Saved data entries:
BEGIN

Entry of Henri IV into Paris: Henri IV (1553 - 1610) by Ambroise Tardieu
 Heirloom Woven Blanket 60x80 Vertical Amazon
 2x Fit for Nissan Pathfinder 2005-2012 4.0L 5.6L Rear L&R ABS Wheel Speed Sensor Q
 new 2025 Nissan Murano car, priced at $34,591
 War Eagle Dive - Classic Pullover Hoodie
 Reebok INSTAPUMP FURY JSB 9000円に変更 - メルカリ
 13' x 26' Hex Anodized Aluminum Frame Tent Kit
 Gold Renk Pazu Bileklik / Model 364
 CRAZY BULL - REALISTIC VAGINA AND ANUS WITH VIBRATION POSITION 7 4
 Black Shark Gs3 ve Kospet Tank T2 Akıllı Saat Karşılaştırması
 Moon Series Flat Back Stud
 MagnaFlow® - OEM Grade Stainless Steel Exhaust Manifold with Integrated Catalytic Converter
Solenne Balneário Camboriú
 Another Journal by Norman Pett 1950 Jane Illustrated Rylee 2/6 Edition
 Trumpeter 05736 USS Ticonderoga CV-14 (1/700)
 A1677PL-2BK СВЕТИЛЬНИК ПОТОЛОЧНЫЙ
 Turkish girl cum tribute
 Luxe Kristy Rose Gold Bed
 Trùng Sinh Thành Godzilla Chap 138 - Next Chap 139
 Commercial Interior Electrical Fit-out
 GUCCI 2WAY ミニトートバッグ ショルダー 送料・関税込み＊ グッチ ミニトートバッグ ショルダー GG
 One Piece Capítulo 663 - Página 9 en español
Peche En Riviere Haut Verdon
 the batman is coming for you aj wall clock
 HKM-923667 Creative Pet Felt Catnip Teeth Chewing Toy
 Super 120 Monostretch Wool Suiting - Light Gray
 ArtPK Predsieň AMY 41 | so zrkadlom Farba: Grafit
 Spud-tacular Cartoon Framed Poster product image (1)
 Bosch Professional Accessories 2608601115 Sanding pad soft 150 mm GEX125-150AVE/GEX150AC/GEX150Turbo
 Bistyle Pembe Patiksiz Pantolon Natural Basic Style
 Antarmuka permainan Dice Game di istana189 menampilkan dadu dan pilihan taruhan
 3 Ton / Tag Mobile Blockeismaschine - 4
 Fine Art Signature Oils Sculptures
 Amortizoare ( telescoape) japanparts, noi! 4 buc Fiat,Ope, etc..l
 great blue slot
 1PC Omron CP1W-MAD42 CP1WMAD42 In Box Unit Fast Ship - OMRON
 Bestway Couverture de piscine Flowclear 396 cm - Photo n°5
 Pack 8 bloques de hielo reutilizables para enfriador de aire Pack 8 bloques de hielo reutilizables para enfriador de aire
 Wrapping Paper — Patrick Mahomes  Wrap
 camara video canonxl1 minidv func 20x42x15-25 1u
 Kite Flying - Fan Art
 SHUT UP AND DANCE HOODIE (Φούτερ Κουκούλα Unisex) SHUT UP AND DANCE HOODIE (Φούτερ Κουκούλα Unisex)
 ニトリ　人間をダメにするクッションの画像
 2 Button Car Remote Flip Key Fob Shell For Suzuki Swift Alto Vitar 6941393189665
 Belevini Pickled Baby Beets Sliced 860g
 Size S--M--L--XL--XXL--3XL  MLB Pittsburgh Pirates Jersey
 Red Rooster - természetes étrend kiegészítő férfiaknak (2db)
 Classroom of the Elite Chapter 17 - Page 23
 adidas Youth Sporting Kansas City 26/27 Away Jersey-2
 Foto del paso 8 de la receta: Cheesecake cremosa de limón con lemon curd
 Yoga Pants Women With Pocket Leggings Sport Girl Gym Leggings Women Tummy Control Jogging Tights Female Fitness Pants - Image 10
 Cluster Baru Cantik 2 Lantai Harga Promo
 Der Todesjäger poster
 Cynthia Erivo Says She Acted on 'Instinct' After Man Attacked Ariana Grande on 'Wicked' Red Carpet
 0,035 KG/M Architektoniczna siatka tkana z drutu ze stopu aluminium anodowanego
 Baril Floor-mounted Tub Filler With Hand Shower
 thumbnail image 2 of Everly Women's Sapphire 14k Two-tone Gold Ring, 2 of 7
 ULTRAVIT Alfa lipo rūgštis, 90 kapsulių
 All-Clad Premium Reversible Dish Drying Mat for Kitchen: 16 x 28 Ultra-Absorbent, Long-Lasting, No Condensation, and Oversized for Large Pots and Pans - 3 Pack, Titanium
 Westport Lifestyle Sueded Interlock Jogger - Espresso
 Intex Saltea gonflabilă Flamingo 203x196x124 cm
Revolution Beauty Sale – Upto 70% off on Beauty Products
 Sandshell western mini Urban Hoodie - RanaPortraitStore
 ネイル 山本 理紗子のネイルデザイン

END

**Problem details**. Using the records above, filter out every line that lacks the string "Jersey" and copy the rest.

**Expected output**.
 Size S--M--L--XL--XXL--3XL  MLB Pittsburgh Pirates Jersey
 adidas Youth Sporting Kansas City 26/27 Away Jersey-2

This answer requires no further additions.